Het is bekend dat hooggeplaatste westerlingen, wanneer ze op bezoek gingen bij de Sultan van het Ottomaanse Rijk, hun kleding aanpasten aan de gebruiken van de gastheer. Uit documenten die gevonden zijn in de Engelse archieven blijkt dat de kleding die ze dan droegen en ‘vests’ noemden, indien nodig werden geleend.

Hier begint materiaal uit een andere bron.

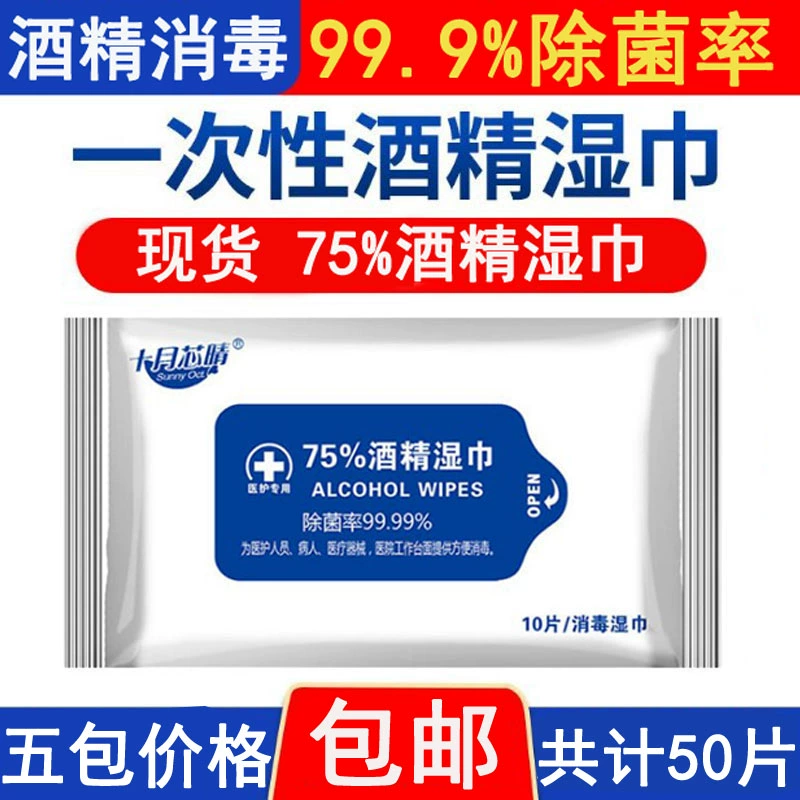 Khăn lau cồn 75% được đóng gói riêng để khử trùng và khử trùng gia đình - Khăn ướt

Zo staat in een dagboek uit 1675:
‘At all audiences, from the G. Sr. [Sultan] himself to the Kaimacham of Stambol, we give presents, viz., vests of cloth, silk, cloth of gold, silver, velvet, etc., and in most places we receive vests from them, which are a peculiar sort of garment, onely to be then put on by us, and the maisters of state wear them upon occasions up and down the Court. They are made like our sophisters’ [ Cambridge University academic gowns] gown, without a cape. The stuff is of white silk, flower’d with great branches … and, according to the dignity of the person, they are of cloth, of silver, or gold, or with more or less gold and silver wrought in the silk. There were 16 give amongst us. I sold mine for 6 ½ dollrs. My Ld.’s was worth 25 or 30; all the rest like mine, except the Treasurer’s, Secretary’s, and chief Dragoman’s, which were worth about 8 dollars a piece. I am confident this was a very antient custome, and is mean’d in scripture by changes of rayment, etc.
From the diary of Sir John Covel,
Chaplain to the English Ambassador in Constantinople, May 19th 1675
Sir Henry Lello, die in Constantinopel aanzat aan een banket, schreef in 1599:
‘… order was sent by the Gr Sr [the Sultan] that before our entrance unto him bothe I and my gentlemen should be clothed in vests out of his Tresorie, wch were there scarcely found, yet had I ii, and ten for my gentlemen; and so, in the company of the Vizeires, I entered into the presence chamber, where the Grand Sigior satt upon a cushion of red sattin most richly ymbrodred wth pearls, and all his chamber floored with Redd sattin Ritchly ymbrodered wth gould; and, omyttinge the sumptuousnes of the sight, coming to deliver my Ambassadge unto him, I first salluted him in her Highnes’ name; …
Letter from Sir Henry Lello in Constantinople to Sir Robert Cecil,
Lord Chancellor to Queen Elizabeth I, 21st October 1599
Eén van de hypotheses van de onderzoekers is dus dat de Oosterse kledingstukken onderdeel uitmaakten van de garderobe om gepast gekleed te kunnen gaan bij een bezoek aan het Ottomaanse Rijk. Een andere mogelijkheid is dat het cadeaus waren.